Exercise directions: In the records below, find the line containing "Gloves, MicroFlex FreeForm" and the line containing "2026 Chevrolet Silverado"; please repeat exactly the lines from one to the other, both included, and nothing more.

Exercise materials:
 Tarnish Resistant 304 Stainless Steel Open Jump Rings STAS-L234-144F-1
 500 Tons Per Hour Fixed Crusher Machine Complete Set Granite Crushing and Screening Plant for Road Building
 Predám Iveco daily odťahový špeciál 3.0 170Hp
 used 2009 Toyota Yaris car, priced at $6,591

--

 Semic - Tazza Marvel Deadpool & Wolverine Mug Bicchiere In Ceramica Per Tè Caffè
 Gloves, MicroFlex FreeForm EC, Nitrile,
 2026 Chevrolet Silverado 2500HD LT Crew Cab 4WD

Written solution:
 Gloves, MicroFlex FreeForm EC, Nitrile,
 2026 Chevrolet Silverado 2500HD LT Crew Cab 4WD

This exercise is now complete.